A novel concept of feeding the filler wire off-axis to the joint in laser beam welding is presented. The formation of defects called undercuts depended mainly on the stability of the wire feed and irregular melting of its tip. Process parameters played a key role in the robustness of the process, with higher welding speeds and laser powers increasing the chance for formation of defects.

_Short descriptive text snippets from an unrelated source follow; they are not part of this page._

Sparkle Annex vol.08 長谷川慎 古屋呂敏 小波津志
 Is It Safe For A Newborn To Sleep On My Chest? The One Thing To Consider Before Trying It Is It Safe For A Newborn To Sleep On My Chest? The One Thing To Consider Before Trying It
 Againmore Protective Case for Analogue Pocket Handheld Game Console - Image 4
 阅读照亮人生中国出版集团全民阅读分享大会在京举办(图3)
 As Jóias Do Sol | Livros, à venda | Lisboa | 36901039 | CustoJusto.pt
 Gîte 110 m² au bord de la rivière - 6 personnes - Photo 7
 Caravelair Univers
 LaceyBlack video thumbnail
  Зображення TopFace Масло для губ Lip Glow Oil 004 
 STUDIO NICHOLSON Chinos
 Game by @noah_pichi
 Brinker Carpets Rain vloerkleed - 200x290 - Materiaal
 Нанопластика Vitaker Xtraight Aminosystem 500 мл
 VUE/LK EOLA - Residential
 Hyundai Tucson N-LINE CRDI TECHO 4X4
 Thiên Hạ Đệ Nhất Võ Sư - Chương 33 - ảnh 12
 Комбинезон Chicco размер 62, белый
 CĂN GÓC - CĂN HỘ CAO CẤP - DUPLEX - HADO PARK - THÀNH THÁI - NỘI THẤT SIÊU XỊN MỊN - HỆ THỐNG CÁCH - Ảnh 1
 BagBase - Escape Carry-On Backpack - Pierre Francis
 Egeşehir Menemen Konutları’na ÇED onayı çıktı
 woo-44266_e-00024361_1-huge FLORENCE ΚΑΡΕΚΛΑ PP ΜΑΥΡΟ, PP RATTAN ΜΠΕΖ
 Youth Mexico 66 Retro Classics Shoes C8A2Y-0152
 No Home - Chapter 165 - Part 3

Powder catchment in DED, and the various influencing factors are discussed. The position of initial interaction between powder grains and the melt pool plays an important role in defining incorporation behaviour. Powder grains can float on the surface of melt pool and travel along the direction of surface tension driven melt flows before fully incorporating. In high-deposition rate DED, an island of unmelted powder can form in the melt pool, depending on the laser beam shape and powder feeding configuration used. This island could lead to formation of spatter from the melt pool and porosity in resulting clads. Solid oxide skins present on the melt pool in low temperature areas can act like a barrier preventing complete incorporation of powder grains or possibly causing localised boiling, forming spatter.

For the first time, near-unprocessed material was used as feedstock in the DED process. A single large melt pool is formed in the relatively calm process, and phenomena like cloud formation while feeding of material and spatter were observed. Single and multi-layered deposition resulted in porous tracks and delamination from the substrate. While the process is not industrially useable in its current state, it is a step towards processing cheap unprocessed material with a laser beam to manufacture low cost parts or for in-situ reduction. 

The roles of material composition and surface conditions of the substrate in DED are also presented. Both, the composition and surface condition affect the absorption of the laser radiation. Material composition influences the time taken for incorporation of powder grains. The size of the melt pool and dilution depends on the thermal conductivity of the substrate material. Surfaces that are rough or coated with (several sorts of) paint produce wider tracks, with better wetting angles as compared to milled or ground surfaces. Coatings like paints or cold-galvanising primers do not negatively affect the process. Deposition directly on rough or painted surfaces could significantly reduce processing time and the resources needed for cleaning before cladding or repair processes.